▶ Your goal
In the copy, every line of the material that follows must appear exactly, and no pictures should.

Raw data Block Start

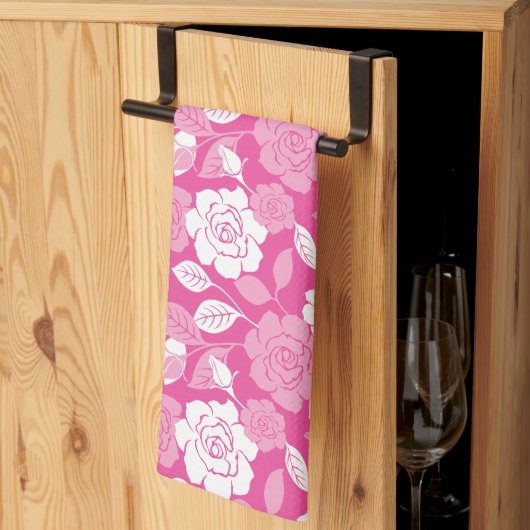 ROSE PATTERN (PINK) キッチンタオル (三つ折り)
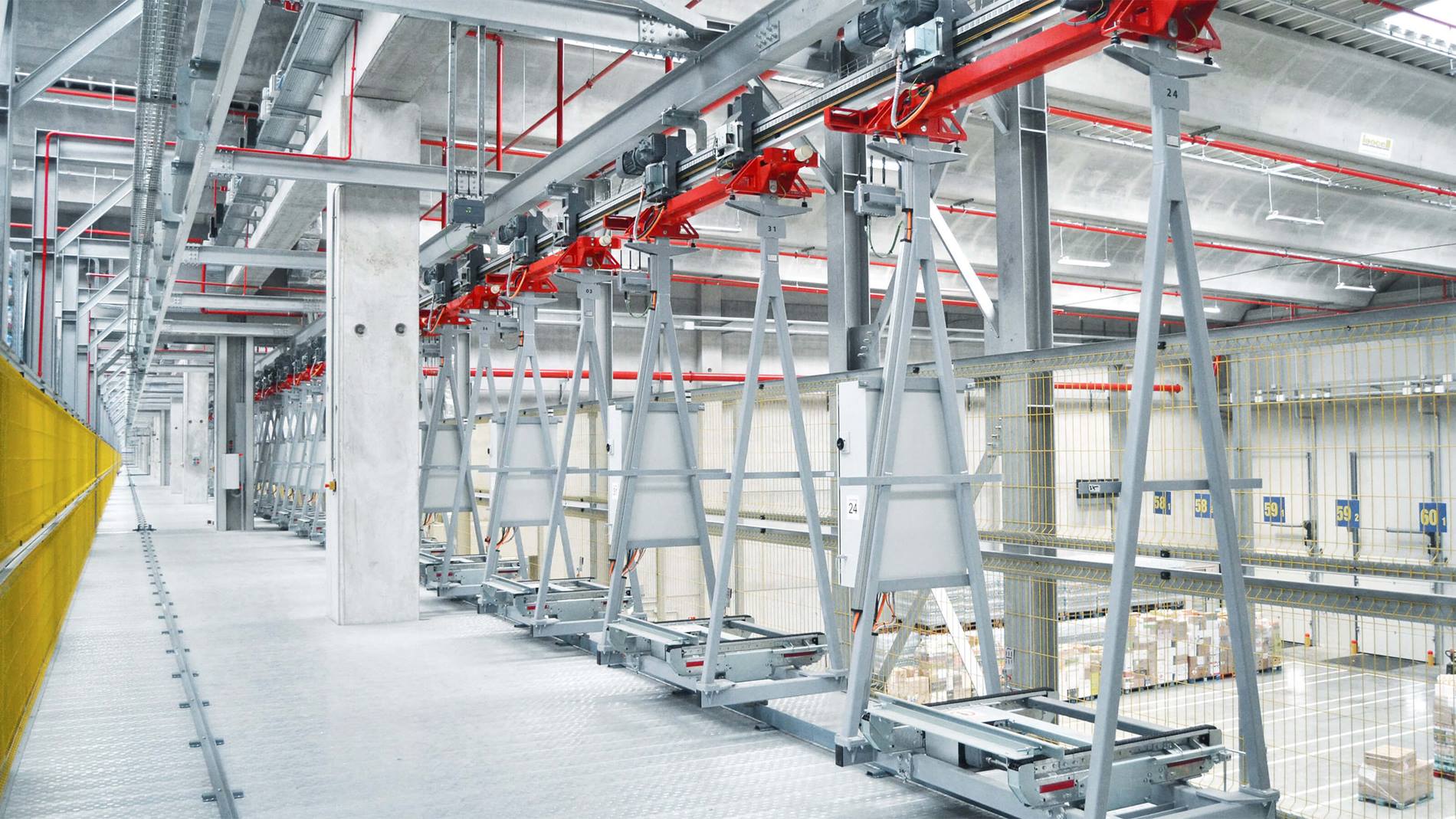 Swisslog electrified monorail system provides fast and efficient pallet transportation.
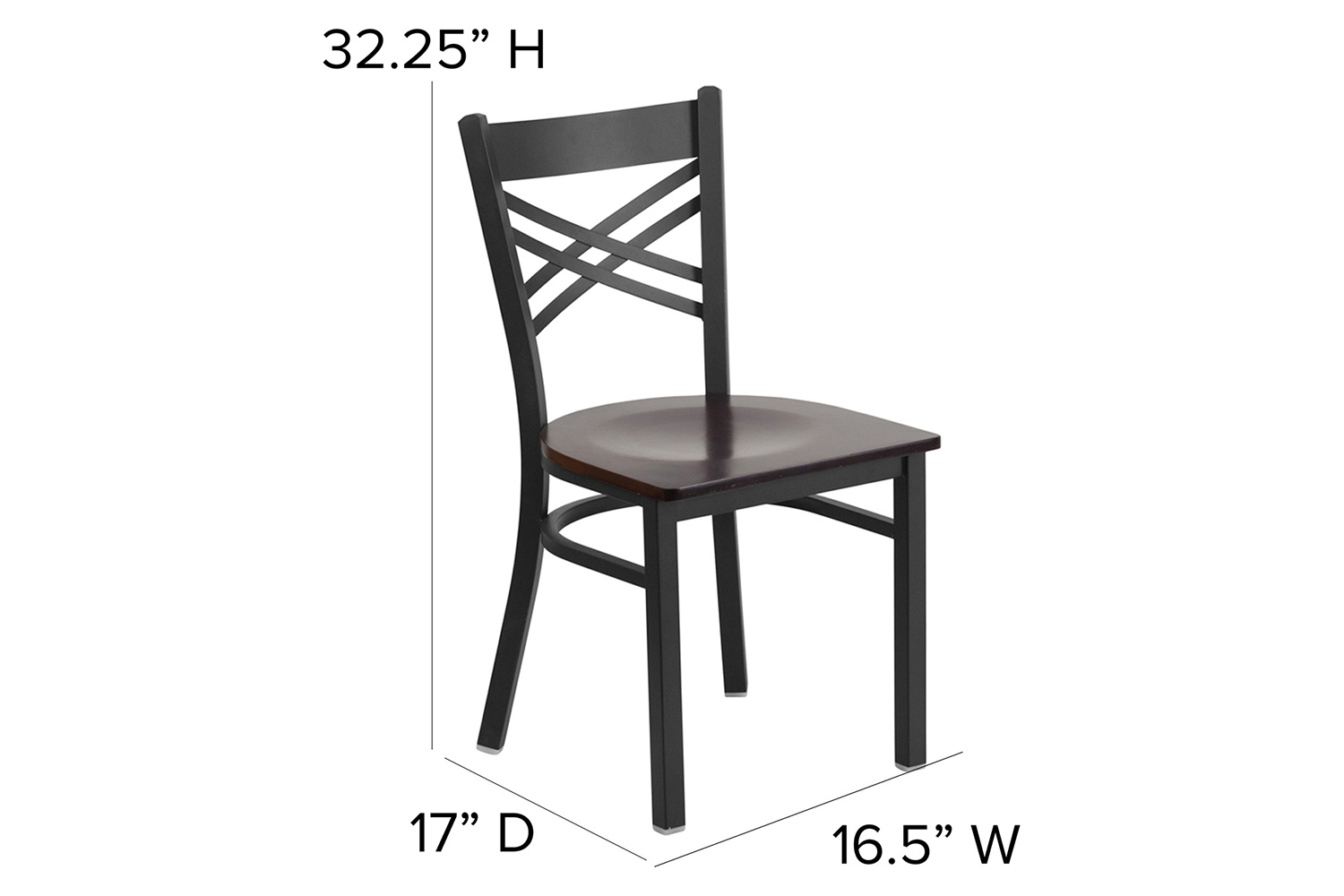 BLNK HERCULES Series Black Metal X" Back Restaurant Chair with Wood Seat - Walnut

Raw data Block End

▶ Response area
 ROSE PATTERN (PINK) キッチンタオル (三つ折り)
 Swisslog electrified monorail system provides fast and efficient pallet transportation.
 BLNK HERCULES Series Black Metal X" Back Restaurant Chair with Wood Seat - Walnut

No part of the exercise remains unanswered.